Yesterday and Today’s Liberal Arts education
Liberal Arts refers to the skills required for a person to be an active part of civic life.The concept harks back to the time of the ancient Greeks, when students were required to study a composition of grammar, rhetoric, and logic – to which arithmetic, geometry, music, and astronomy were later added.
Today, liberal arts students study an interdisciplinary program which covers subjects from the humanities (ie. art, literature), to the sciences (under which subjects such as psychology, biology, and mathematics fall).
Students get to choose their course load from a series of options under each heading, and are generally required to fulfill a certain number of credits in various subjects in order to qualify for their degree. This course-load is studied alongside the core subjects required for the focused track which students are studying (ie. Politics or Mathematics). Each institution has its own regulations about course-loads and subject offerings.
Where can you study Liberal Arts?
Liberal Arts is a popular field of study in the U.S., although it is increasingly reappearing as a part of European university curriculums as well. The degree in the U.S. is offered as four year undergraduate course after which students can progress on to a postgraduate degree if they choose to.

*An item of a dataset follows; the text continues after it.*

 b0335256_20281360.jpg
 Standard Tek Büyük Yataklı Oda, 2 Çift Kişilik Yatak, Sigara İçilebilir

If you’re looking for a global smattering of options for where to study a liberal arts based curriculum, check out Penn State University (U.S.), Acadia University (Canada), Richmond University (U.K.), John Cabot University (Italy), Yale-NUS University (Singapore), and Jindal School of Liberal Arts and Humanities (India).
Benefits of a Liberal Arts Degree
With a degree in liberal arts one can venture into many fields of work – including, but not limited to academics, as an interpreter, in art (photography, graphic design), as a lawyer, in NGO-work, an event planner, researcher, banker, psychologist, journalist, in the tourism industry.